Lo que más chirría es el tono: ¿es una feel-good movie de profesor que aprende de sus alumnos? ¿Es un drama político sobre la represión argentina? ¿Es una fábula con un pingüino como gurú espiritual? La película intenta ser todo eso a la vez y termina siendo un híbrido raro, que emociona a ratos pero incomoda por lo simplón de su mirada histórica. Meter al pingüino como símbolo de la libertad cuando detrás hay miles de desaparecidos reales suena, como poco, a frivolidad.

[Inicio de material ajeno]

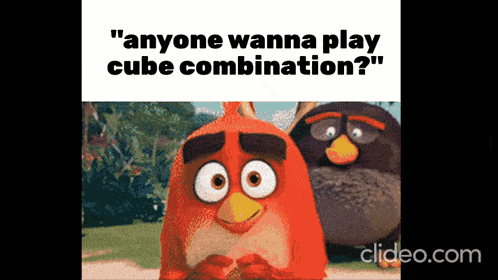 a cartoon of angry birds says " anyone wanna play cube combination ? "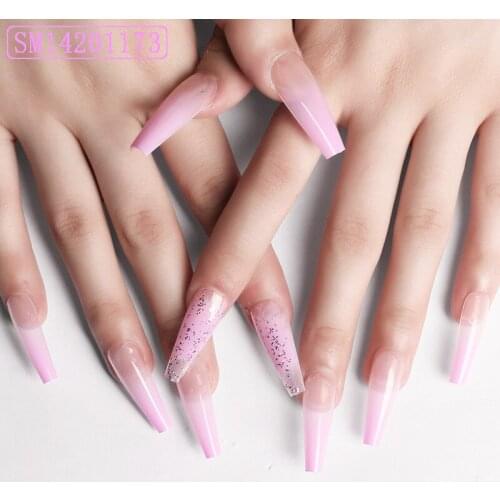 24pcs/Box Detachable Taro Purple Gradient Ballerina False Nails Wearable Long Coffin Fake Nails Full Cover Nail Tips With Glue
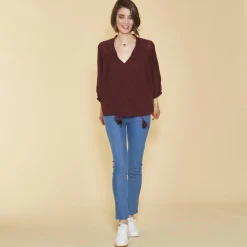 Blouse broderie manches chauve-souris femme - Lie De Vin rouge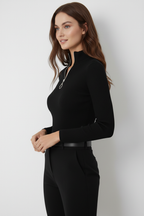 Kaşkorse Fermuarlı Yarım Balıkçı Yaka Bluz - Siyah
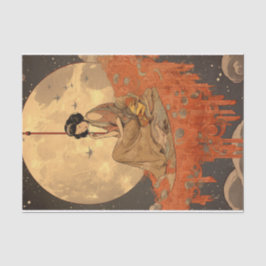 Elegantes asiatisches Moon Sitter Dekoupage Crafti Seidenpapier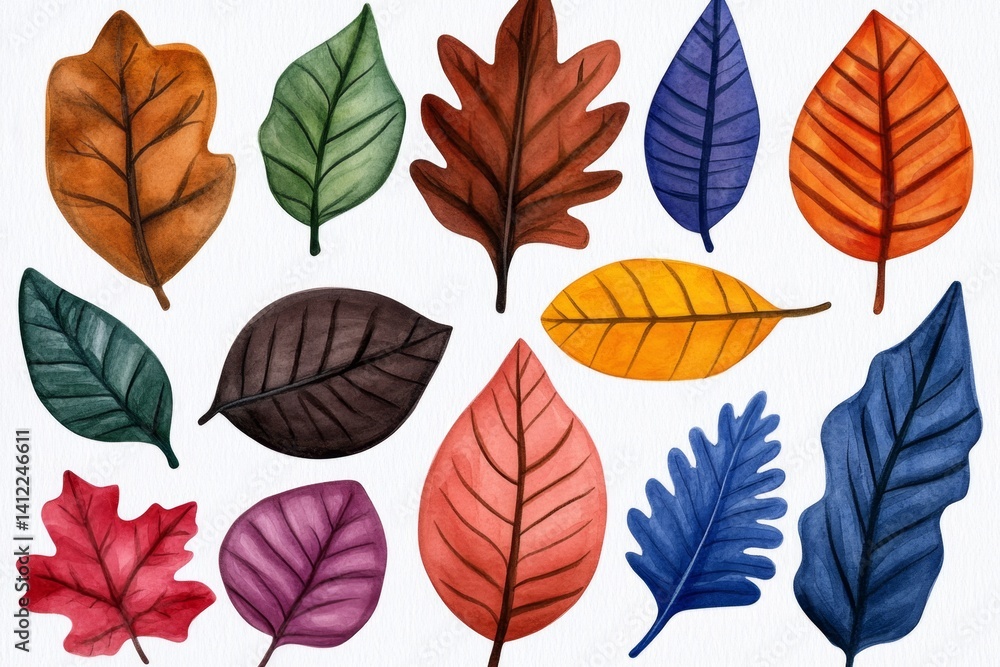 Obraz premium A collection of hand-painted watercolor leaves, each in a different autumn shade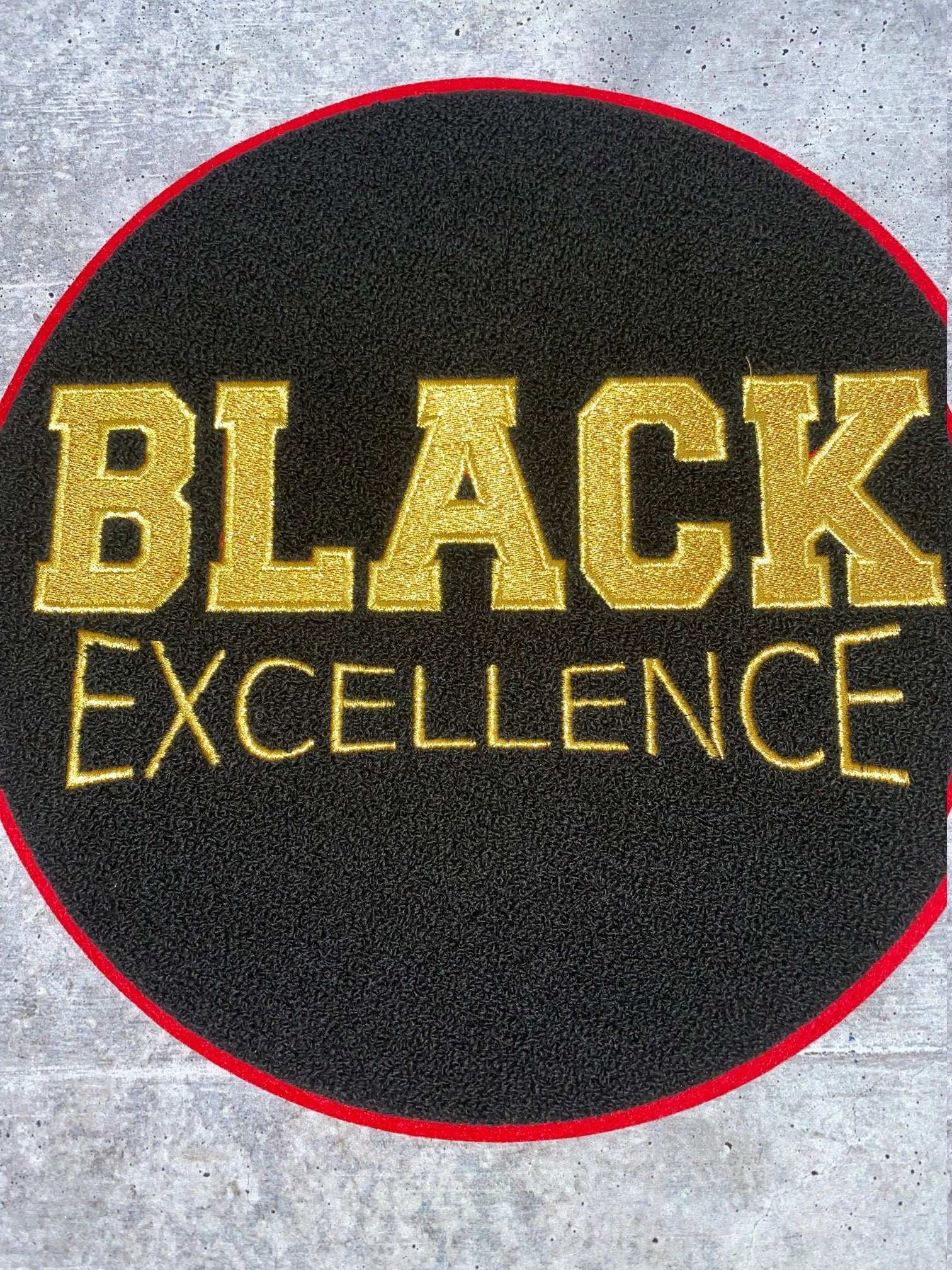 NEW, Chenille, "Black Excellence," LARGE Patch for Jackets or Hoodies, Size 10", Metallic Gold Wording, Red Border, Black History Month
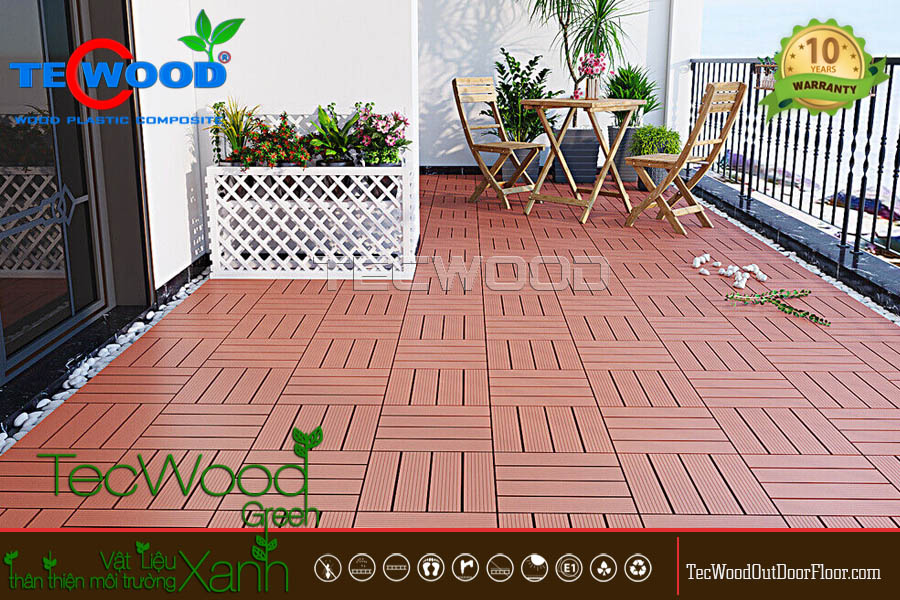 tấm vỉ gỗ nhựa lót sàn ban công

Y sin embargo… algo tiene. La ternura del animal, la música que mezcla folclore rioplatense con toques ligeros, la inevitable emoción de los chavales cambiando gracias al bicho. Sí, es tramposo, sí, es dulzón, pero engancha en esa manera de película dominguera que ves con un café sin esperar gran cosa. El problema es que, al intentar dar la lección política, se queda en sermón barato y superficial.

En resumen, Lo que aprendí de mi pingüino es un film amable, simpático, con un ave que roba corazones, pero que nunca encuentra el equilibrio entre conciencia y ternura. Quiere ser crítica, pero acaba siendo un cuento naïf disfrazado de drama histórico. Lo peor es que, cuando termina, te acuerdas más del pingüino que de Argentina en los 70. Y eso, viniendo de donde viene, suena a derrota.